Thompson wrote to Obama in April asking the president to “forego a trip to Hiroshima until you can first make an equally poignant memorialization of the Americans who perished in Japan.

“Specifically, my members, who are former POWs of Japan, their families and historians, want to see you break ground for a memorial to the American POWs at the port of entry and slavery into Japan, the dock at Moji on Kyushu.”

The port was the destination for dozens of “hell ships” that transported POWs captured in Southeast Asia and set to work as laborers in mines, factories, foundries and dockyards.

The likelihood of Obama visiting Hiroshima increased after US Secretary of State John Kerry visited the memorial in April. Kerry described the displays in the museum as “gut-wrenching.”

In an open letter in The Weekly Standard magazine, former POW Lester Tenney said he hoped the secretary of state “remembered why there was a Hiroshima and a Nagasaki” during his visit.

Tenney – who served as a tank commander in the defense of Bataan in the Philippines until ordered to surrender on April 9, 1942 – later survived the Bataan Death March. Of the 80,000 American and Filipino prisoners who set out on the 85-kilometer march to prison camps, approximately 10,000 died.

‘A red herring’

“The first American I saw killed directly by the Japanese was on the second day of the Death March,” Tenney said. “He had fallen to the ground and tried to explain that he was too sick to continue.
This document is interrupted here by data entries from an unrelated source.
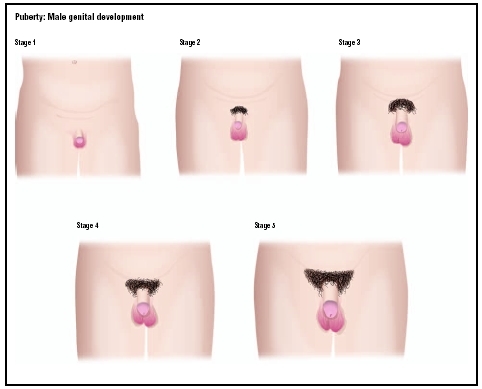 The five stages of male genital development. Stage 1 shows the undeveloped genitals of childhood. In Stage 2, pubic hair growth begins and the testicles begin to enlarge. By Stage 3, the penis grows longer and wider. The testicles continue to e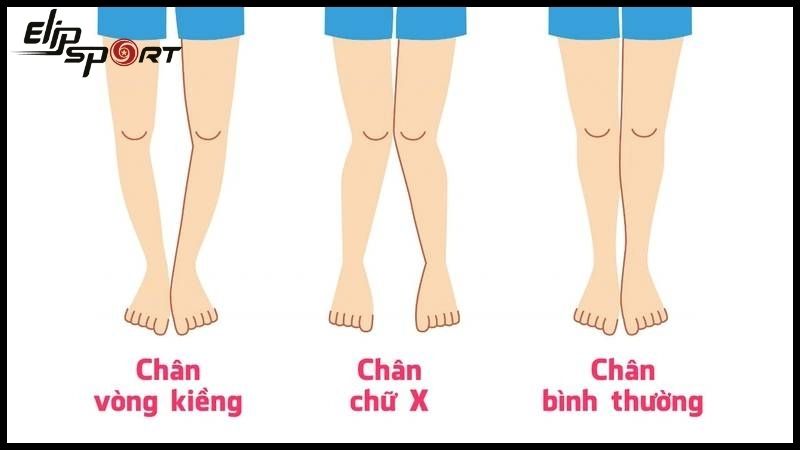 b&eacute; bị ch&acirc;n v&ograve;ng kiềng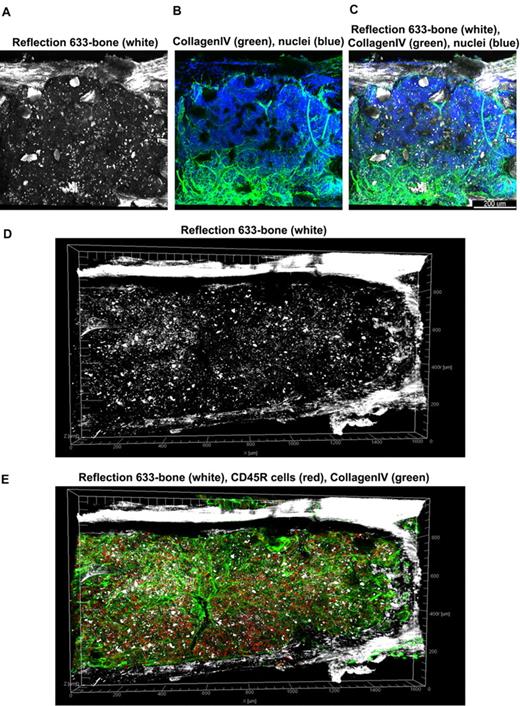 Figure 3. Tiled views of confocal reflection and fluorescence of the normal mouse BM. Confocal reflection 3D image (A) displays the bone structure (white): the outer shell as well as several internal bone spikes and trabecullae can be identified (using a 633-nm laser light reflected on the imaging detector). In the corresponding confocal fluorescence 3D image (B), cells (DAPI, blue) and vascular structures and extracellular matrix (collagen type IV, green) are shown; several tissue discontinuities appear like “holes.” The merged image (C) clearly demonstrates the overlap of the bone structures over these discontinuities. Tiled z-stacks of images were collected over large volume (2.6 × 1.2 mm × 150 μm) of the mouse BM tissue and computationally stitched. A large tile over entire bone fossae is depicted in panels (D) (bone reflection) and E (merged with the fluorescence of CD34 in red, collagen type IV in green, DAPI in blue) respectively, to illustrate very good tissue preservation. Related images appear in supplemental Video 3).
The guards responded by bayoneting and shooting him in the chest.

“But the worst that day was watching my first American beheaded – you convulse as you throw up with your stomach muscles tightening so that you think you will never again breathe.”

Thompson said commemorating the dead of Hiroshima while ignoring men “who made sacrifices for our country” is hard to accept for many veterans.
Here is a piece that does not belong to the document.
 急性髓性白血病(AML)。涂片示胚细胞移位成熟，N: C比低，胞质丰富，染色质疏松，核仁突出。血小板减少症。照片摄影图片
“The veterans I have spoken to are not against him going to Hiroshima,” she said. “But they are very concerned that they are being forgotten.”

Mindy Kotler, who heads the think tank Asia Policy Point, fears that Japan could use Obama’s visit to promote its own creeping nationalism and efforts to rewrite history.

“I worry that the president’s visit to Hiroshima is merely self-serving; Hiroshima as theater for Obama’s personal legacy, one devoid of the context of World War II for the US, which Japan started in 1941,” she said.

“The issue of apology is a red herring,” she insists. “It is being used to deflect attention from what is really being missed by the Obama visit, which is the history of the Asia-Pacific war itself.

“I fear the only winner from this visit will be the ‘deniers’ in the Abe administration,” she added. “Obama’s visit to Japan will allow Abe to keep and nurture his afactual understanding of the war.

Bringing accountability

“There will be no examination of the causes of the worst war in world history, where more non-combatants than combatants died,” Kotler said. “There will be no effort toward accountability – which is different from apology.”

And the fear is that the president’s visit will permit “a dangerous historical amnesia for the war in Japan to continue in certain circles,” she said.

Kotler was pointing at organizations such as The Society for the Dissemination of Historical Fact which, for example, insists that China triggered the Sino-Japanese war in August 1937, denies there was a massacre of civilians in Nanking four months later, claims the United States provoked Japan’s attack on Pearl Harbor in 1941 and refuses to accept that Japanese troops used chemical, biological or bacteoriological weapons against civilians in China.

Meanwhile, there have been reports in the Japanese media hinting that Prime Minister Abe may visit Pearl Harbor in November.

Should he go ahead with that visit on the anniversary of the attack that dragged the US into the conflict, the Japanese leader is likely to face similar criticism as Obama is presently experiencing from sections of his domestic audience.